#### [Data for this exercise]
----

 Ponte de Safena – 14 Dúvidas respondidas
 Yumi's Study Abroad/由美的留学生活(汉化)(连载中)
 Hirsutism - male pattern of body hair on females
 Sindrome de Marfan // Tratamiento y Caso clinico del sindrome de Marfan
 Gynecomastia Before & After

----

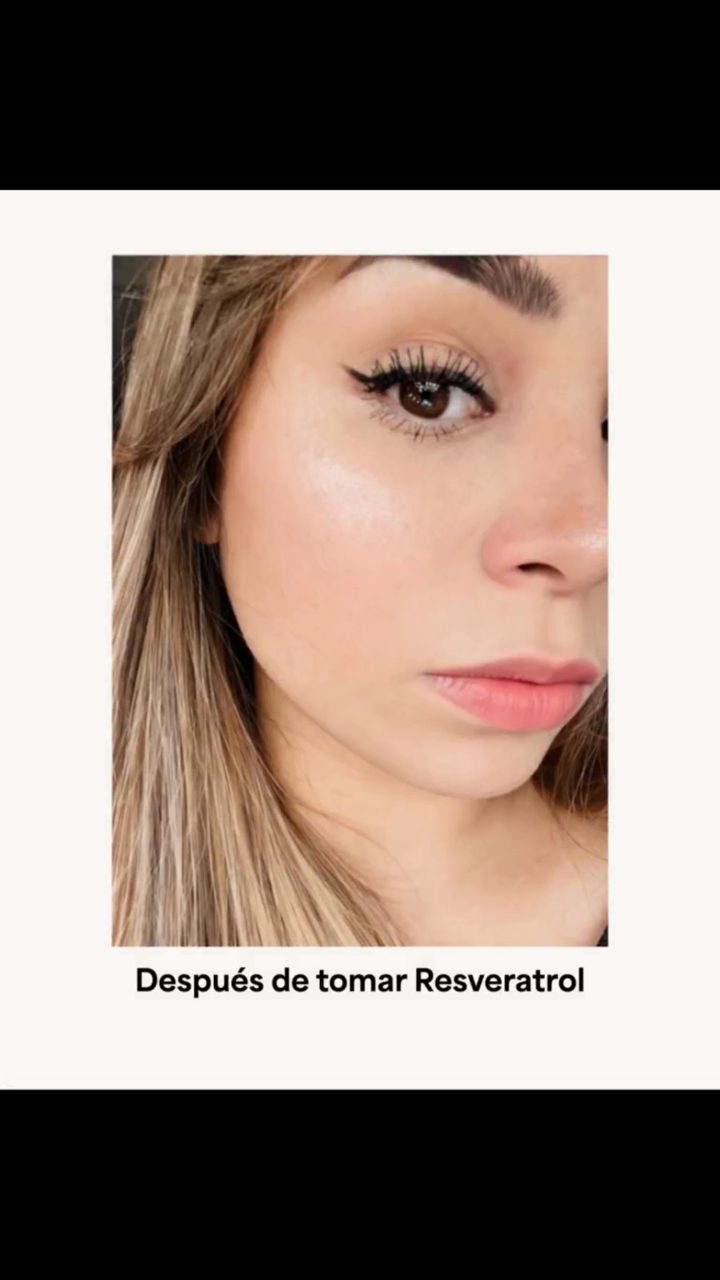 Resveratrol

----

#### [Problem description]
In the listing above, locate the line with "Hirsutism - male" and the line with "Gynecomastia Before & After", then extract exactly those lines and every line between them, and nothing more.

#### [Output]
 Hirsutism - male pattern of body hair on females
 Sindrome de Marfan // Tratamiento y Caso clinico del sindrome de Marfan
 Gynecomastia Before & After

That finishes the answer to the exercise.